Les migrants, acteurs du développement économique
Des voies migratoires sûres peuvent non seulement être un moyen pour lutter contre la criminalité transnationale, mais elles contribuent aussi au développement de la Communauté économique des Etats d’Afrique de l’Ouest (CEDEAO). En 2018, l’OCDE et l’Organisation internationale du Travail indiquaient que pour l’instant les mouvements migratoires n’ont pas eu de réel impact – positif ou négatif – sur l’économie des pays en développement. Mais les organisations regrettent des « occasions manquées » dans la mesure où l’immigration constitue « pour nombre de pays une composante essentielle de l’avenir de l’emploi », et appellent les Etats à prendre pleinement en compte l’immigration dans leurs politiques de développement. Travailleurs, étudiants, entrepreneurs, consommateurs et/ou contribuables potentiels : les migrants ont sans aucun doute un rôle à jouer pour l’économie de leur pays d’accueil.

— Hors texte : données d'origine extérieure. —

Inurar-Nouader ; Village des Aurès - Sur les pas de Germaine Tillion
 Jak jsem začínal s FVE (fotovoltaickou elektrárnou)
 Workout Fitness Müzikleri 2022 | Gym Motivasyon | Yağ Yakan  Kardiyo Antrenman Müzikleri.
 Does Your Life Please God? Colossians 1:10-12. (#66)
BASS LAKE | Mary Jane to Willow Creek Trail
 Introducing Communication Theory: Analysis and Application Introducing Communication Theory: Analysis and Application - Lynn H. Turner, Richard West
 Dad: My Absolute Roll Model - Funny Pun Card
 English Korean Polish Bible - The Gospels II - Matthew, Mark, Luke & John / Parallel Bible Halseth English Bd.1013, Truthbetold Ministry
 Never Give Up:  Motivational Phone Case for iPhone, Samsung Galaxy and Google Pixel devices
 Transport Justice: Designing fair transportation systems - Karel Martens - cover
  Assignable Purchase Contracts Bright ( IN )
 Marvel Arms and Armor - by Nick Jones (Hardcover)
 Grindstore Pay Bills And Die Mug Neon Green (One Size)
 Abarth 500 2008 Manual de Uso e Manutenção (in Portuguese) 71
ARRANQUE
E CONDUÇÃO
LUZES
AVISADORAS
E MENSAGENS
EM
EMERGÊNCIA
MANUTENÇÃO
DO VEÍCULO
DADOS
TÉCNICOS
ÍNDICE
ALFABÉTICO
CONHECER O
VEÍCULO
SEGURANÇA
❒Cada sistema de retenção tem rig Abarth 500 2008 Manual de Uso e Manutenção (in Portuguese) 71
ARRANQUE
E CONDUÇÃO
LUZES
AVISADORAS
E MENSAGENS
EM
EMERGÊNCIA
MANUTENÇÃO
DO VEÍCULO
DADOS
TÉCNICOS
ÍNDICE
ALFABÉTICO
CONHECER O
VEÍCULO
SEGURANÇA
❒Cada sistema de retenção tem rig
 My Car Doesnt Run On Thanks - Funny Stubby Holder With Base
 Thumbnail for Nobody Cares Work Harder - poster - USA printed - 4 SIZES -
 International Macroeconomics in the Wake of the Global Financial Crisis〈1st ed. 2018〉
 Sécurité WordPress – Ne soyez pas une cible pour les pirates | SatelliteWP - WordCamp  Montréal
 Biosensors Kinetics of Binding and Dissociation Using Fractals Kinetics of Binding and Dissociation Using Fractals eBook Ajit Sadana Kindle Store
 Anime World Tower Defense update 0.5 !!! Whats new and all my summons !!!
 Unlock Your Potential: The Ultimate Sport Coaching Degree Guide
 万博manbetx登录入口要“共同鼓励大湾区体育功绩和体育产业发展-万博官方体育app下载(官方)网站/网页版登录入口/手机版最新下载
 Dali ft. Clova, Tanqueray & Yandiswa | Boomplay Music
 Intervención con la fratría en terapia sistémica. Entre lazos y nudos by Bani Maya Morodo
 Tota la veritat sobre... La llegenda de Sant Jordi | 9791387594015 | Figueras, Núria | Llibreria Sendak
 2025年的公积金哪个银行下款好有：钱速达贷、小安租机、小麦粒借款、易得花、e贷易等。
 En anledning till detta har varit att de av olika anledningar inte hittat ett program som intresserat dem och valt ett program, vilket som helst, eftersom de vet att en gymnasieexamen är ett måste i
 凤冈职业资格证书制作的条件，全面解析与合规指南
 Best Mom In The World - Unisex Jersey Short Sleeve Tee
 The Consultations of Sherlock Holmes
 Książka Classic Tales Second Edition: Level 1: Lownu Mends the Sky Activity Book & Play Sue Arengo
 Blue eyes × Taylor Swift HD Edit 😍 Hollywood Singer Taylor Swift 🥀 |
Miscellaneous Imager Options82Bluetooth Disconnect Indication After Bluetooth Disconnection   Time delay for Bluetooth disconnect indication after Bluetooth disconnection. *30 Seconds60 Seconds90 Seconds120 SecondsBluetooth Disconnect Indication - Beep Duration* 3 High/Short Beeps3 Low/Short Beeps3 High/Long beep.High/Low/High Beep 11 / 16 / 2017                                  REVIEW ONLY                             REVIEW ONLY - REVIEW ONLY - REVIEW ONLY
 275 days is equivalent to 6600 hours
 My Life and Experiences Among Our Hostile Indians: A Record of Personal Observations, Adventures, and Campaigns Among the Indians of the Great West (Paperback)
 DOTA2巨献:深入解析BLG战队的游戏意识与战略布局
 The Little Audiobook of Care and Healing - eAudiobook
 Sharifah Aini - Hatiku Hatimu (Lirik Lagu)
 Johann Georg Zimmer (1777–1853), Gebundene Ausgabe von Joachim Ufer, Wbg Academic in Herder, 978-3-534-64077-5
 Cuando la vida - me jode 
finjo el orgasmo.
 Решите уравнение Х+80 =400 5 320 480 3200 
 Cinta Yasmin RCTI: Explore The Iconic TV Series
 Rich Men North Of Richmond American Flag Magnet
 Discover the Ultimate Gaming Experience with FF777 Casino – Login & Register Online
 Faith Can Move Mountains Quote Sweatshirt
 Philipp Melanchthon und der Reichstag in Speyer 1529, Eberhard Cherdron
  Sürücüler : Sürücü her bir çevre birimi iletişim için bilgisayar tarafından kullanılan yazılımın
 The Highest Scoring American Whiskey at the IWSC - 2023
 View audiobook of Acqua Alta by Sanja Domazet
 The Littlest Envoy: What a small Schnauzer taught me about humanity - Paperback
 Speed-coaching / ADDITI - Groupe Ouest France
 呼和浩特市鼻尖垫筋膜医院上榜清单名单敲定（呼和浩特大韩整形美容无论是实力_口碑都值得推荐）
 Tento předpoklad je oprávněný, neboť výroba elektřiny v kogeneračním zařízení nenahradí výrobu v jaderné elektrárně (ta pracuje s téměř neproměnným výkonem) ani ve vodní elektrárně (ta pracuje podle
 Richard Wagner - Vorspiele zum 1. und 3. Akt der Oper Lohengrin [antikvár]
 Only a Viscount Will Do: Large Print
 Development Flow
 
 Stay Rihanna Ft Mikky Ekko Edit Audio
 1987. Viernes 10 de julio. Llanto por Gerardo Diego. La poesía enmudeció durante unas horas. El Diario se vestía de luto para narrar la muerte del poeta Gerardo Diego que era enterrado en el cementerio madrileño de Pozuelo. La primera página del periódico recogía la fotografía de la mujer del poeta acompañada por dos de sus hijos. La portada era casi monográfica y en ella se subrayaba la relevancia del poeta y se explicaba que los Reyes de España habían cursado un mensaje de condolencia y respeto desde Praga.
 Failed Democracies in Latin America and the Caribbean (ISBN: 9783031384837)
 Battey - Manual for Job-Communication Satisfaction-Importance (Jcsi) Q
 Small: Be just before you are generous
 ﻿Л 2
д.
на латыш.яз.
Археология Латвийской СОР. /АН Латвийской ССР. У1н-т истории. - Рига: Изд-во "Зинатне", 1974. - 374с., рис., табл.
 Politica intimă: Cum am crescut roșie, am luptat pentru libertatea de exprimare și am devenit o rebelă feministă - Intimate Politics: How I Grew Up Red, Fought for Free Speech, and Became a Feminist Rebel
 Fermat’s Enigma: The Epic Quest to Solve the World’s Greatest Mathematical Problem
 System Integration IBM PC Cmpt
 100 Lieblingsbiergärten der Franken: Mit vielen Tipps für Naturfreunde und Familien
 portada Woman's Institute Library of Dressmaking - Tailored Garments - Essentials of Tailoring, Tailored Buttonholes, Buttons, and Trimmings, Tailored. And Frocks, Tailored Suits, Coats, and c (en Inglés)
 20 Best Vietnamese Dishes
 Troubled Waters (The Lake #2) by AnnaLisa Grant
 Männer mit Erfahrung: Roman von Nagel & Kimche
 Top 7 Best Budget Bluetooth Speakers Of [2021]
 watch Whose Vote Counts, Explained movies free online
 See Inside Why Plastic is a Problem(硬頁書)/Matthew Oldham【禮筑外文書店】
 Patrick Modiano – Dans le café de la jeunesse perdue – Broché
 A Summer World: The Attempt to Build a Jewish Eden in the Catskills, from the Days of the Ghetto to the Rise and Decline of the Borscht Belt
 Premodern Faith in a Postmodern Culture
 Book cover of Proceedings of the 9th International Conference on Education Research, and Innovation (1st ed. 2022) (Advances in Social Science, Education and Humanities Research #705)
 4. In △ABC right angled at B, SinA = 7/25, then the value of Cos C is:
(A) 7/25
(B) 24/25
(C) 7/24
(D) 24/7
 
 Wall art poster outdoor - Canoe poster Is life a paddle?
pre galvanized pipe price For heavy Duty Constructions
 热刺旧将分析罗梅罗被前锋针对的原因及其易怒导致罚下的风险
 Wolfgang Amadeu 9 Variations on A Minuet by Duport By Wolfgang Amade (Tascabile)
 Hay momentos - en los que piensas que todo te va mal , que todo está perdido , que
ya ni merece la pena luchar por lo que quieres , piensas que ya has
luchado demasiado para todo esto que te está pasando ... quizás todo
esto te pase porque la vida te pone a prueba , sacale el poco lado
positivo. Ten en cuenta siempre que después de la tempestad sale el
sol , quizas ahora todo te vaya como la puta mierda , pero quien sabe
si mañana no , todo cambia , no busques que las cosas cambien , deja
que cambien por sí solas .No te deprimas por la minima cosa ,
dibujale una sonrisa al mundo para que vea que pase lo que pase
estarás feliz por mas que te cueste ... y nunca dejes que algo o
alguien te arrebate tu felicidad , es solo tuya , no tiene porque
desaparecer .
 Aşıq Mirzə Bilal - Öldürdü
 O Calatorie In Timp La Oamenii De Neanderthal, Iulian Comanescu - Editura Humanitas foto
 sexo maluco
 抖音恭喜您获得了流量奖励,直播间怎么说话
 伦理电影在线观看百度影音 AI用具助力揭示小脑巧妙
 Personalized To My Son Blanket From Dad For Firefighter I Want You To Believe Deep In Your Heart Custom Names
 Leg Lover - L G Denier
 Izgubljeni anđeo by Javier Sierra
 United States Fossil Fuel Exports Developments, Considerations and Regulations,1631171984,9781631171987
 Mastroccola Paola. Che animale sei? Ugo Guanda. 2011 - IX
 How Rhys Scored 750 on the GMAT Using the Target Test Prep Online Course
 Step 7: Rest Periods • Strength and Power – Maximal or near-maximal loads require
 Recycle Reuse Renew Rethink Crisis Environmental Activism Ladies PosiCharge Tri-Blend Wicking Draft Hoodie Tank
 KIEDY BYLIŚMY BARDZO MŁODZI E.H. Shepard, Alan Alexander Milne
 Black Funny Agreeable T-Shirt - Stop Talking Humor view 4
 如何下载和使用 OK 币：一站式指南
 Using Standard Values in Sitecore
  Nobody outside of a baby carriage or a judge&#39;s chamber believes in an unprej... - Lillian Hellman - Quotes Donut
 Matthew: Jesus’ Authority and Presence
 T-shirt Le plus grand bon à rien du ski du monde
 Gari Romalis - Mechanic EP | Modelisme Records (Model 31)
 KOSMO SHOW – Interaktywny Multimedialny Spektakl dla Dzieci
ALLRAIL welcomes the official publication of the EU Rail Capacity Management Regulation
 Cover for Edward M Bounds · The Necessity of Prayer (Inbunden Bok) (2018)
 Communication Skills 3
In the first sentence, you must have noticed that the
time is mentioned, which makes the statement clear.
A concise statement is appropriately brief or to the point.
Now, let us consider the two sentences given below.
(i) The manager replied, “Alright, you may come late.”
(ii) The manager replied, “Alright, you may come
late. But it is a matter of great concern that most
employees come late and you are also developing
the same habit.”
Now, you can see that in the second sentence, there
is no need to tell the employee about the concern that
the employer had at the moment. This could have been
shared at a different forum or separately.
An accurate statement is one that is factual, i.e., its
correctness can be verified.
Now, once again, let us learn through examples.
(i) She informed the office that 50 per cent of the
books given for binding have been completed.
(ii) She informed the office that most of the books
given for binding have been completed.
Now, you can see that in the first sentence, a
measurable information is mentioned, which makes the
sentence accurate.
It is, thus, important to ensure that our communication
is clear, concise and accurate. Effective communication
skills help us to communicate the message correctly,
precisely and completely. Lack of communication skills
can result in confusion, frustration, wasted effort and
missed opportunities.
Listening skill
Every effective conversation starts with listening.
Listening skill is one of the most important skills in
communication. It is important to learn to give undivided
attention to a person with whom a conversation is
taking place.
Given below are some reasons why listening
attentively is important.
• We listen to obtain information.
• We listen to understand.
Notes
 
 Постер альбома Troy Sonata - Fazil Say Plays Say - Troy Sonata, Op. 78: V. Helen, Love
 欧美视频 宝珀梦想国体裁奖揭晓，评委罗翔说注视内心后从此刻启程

En 2013, le coût du trajet d’Agadez au Niger jusqu’à la ville libyenne de Sebha oscillait entre 100 et 300 dollars. En 2017, le même trajet coûtait entre 550 et 850 dollars
Depuis l’étranger, les migrants envoient des fonds à destination de leur pays d’origine alimentant ainsi directement l’économie locale. La Banque mondiale estime qu’en 2018, l’Afrique a reçu 45 milliards de dollars sous forme d’envois de fonds, la moitié d’entre eux pour le Nigeria uniquement. La moitié des dix principaux Etats africains récipiendaires de fonds sont membres de la CEDEAO. Ces revenus sont particulièrement importants pour certains pays : ils comptent pour 20% du PIB de la Gambie, autour de 13% de celui du Cap Vert, du Liberia ou du Sénégal et entre 6 et 8% des PIB nigérian, ghanéen et togolais.
Ainsi, les Etats d’Afrique de l’Ouest pourraient être les principaux bénéficiaires d’une facilitation des mouvements au sein de la CEDEAO. En 1979, les Etats membres ont adopté le protocole A/P.1/5/79 sur la libre circulation des personnes, le droit de résidence et d’établissement. Mais en réalité, nombreux sont les obstacles pour circuler vers un autre pays de la zone et y travailler. Si la CEDEAO a définitivement aboli les visas pour ses ressortissants, obtenir des documents de travail peut relever du parcours du combattant et la corruption gangrène toujours certains postes frontières. Quant au droit de résidence et d’établissement, plusieurs pays doivent encore insérer dans leur droit national les dispositions du protocole pour parvenir à une harmonisation régionale.
Les Nations unies prévoient que la population en Afrique de l’Ouest doublera d’ici à 2050 pour atteindre 810 millions d’habitants. Au-delà des crises ponctuelles, la continuité des flux migratoires dans la région requiert des Etats et de leurs partenaires internationaux de nouvelles voies de mobilité adaptées, légales et sûres. Les migrants pourront ainsi jouer le rôle qui leur incombe dans le développement, la croissance économique et l’intégration régionale. A défaut, tout effort pour contenir la migration illégale sera vain, au détriment de la sécurité et du développement au Sahel et dans le Golfe de Guinée.
Les opinions exprimées dans cet article n’engagent que son auteur. Elles ne reflètent pas nécessairement les vues et politiques de l’employeur, l’Office des Nations unies contre la drogue et le crime, et n’engagent en aucun cas sa responsabilité.